Project — B+ Tree TLE Index Engine
Module: Database Internals — M02: B-Tree Index Structures
Track: Orbital Object Registry
Estimated effort: 6–8 hours
- SDA Incident Report — OOR-2026-0043
- Objective
- Acceptance Criteria
- Starter Structure
- Hints
- What Comes Next
SDA Incident Report — OOR-2026-0043
Classification: ENGINEERING DIRECTIVE
Subject: Build ordered index for NORAD catalog ID lookups and range scansThe page manager from Module 1 stores TLE records but requires full scans for key-based access. Build a B+ tree index over NORAD catalog IDs that provides O(log N) point lookups and efficient range scans via a leaf-level linked list. The index must integrate with the existing page manager and buffer pool.
Objective
Build a B+ tree index that:
- Uses the page manager and buffer pool from Module 1 — each B+ tree node is stored as a page
- Supports point lookups by NORAD catalog ID in O(log N) page reads
- Supports range scans over NORAD ID ranges using the leaf-level linked list
- Handles inserts with automatic node splitting and split propagation
- Handles deletes with tombstoning (lazy rebalancing is acceptable)
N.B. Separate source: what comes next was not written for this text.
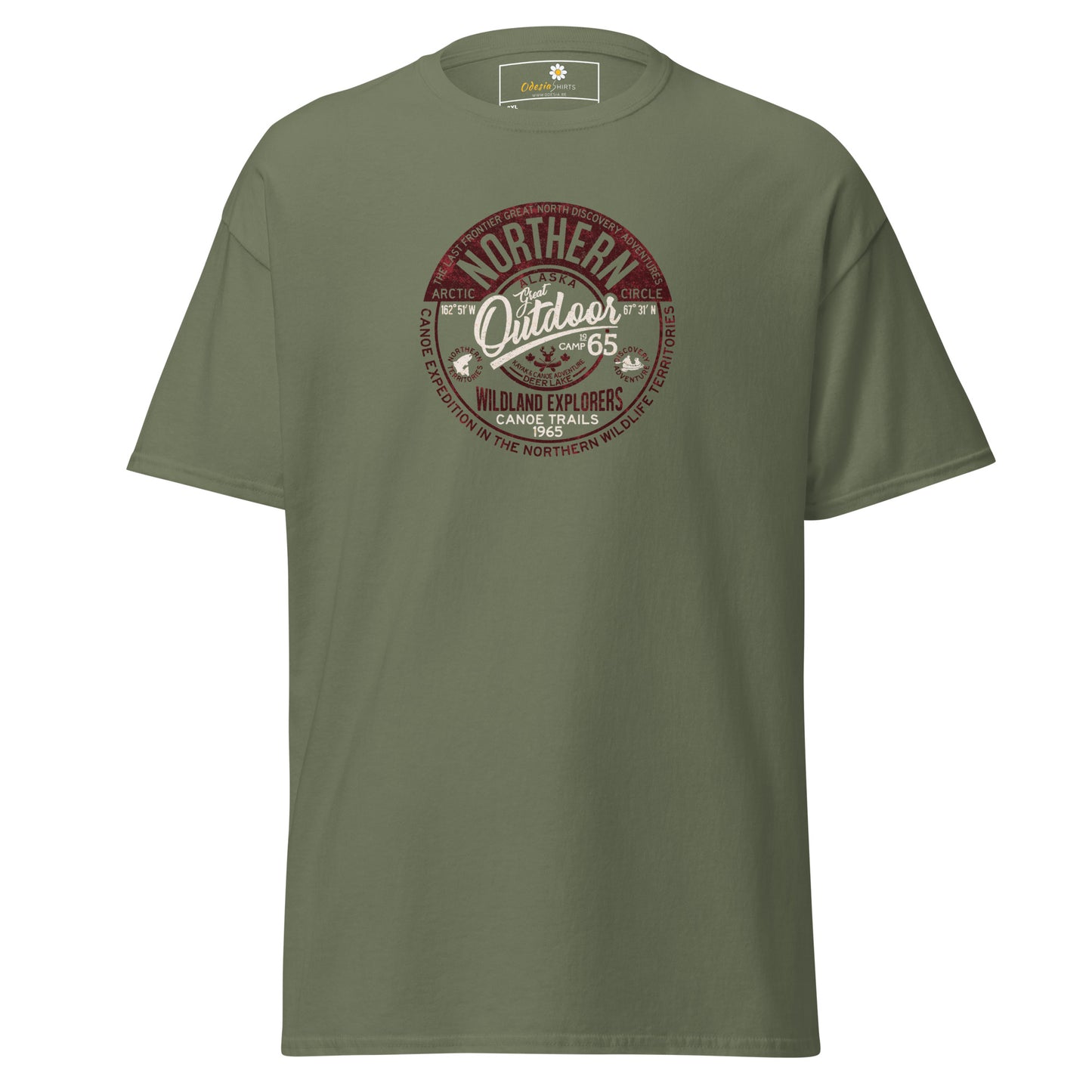 Unisex classic t-shirt - ADVENTURE NORTHERN OUTDOORS - BIG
- Provides a bulk-load operation for initial catalog construction
Acceptance Criteria
-
Point lookup correctness. Insert 10,000 TLE records with random NORAD IDs. Look up each by ID and verify the returned Record ID matches.
-
Range scan correctness. Insert NORAD IDs 1–10,000. Scan range [5000, 5100] and verify exactly 101 records returned in sorted order.
-
Split handling. Insert records until at least 3 leaf splits occur. Verify the tree remains balanced (all leaves at same depth) and all records retrievable.
-
Bulk-load efficiency. Bulk-load 100,000 sorted records. Verify leaf fill factor above 95%. Compare leaf count to one-by-one insertion.
-
Delete correctness. Delete 1,000 records by NORAD ID. Verify lookups return
Nonefor deleted keys and remaining records are unaffected. -
Integration with buffer pool. Run full test suite with only 16 buffer pool frames. Verify correctness under eviction pressure.
-
Deterministic output. Print tree height, leaf count, fill factor, and buffer pool hit/miss stats after each test phase.
Starter Structure
btree-index/
├── Cargo.toml
├── src/
│ ├── main.rs # Entry point: runs acceptance criteria
│ ├── btree.rs # BPlusTree: insert, lookup, range_scan, delete, bulk_load
│ ├── node.rs # InternalNode, LeafNode: serialization, split, merge
│ ├── page.rs # Reuse from Module 1
│ ├── buffer_pool.rs # Reuse from Module 1
│ ├── page_file.rs # Reuse from Module 1
│ └── tle.rs # Reuse from Module 1
Hints
Hint 1 — Node serialization format
Use a 1-byte discriminant at the start of each node page to distinguish internal from leaf. Internal: [type=0][key_count][child_0][key_0][child_1].... Leaf: [type=1][key_count][next_leaf][prev_leaf][key_0][rid_0]....
Hint 2 — Ancestor path for split propagation
During root-to-leaf traversal, push each internal node's page ID onto a Vec<u32>. After a leaf split, pop ancestors one at a time to insert the promoted key. If the ancestor splits too, continue popping. Empty stack = create new root.
Hint 3 — Bulk-load algorithm
- Sort all records by NORAD ID.
- Pack keys into leaf nodes at capacity, write each, record its page ID and last key.
- Build internal nodes bottom-up: group separators into internal node pages.
- Repeat step 3 until one root remains.
- Link leaves into a doubly-linked list.
Hint 4 — Buffer pool pressure during splits
Split propagation can pin the split node, the new node, and the parent simultaneously (3 frames). With a 16-frame pool and a 2-level tree, this is safe. But unpin nodes as soon as you've serialized them back — don't hold all three longer than necessary.
What Comes Next
Module 3 introduces LSM trees — a fundamentally different approach. Where B+ trees update pages in-place, LSM trees batch writes in memory and flush immutable files. You'll understand when each is appropriate for the OOR workload.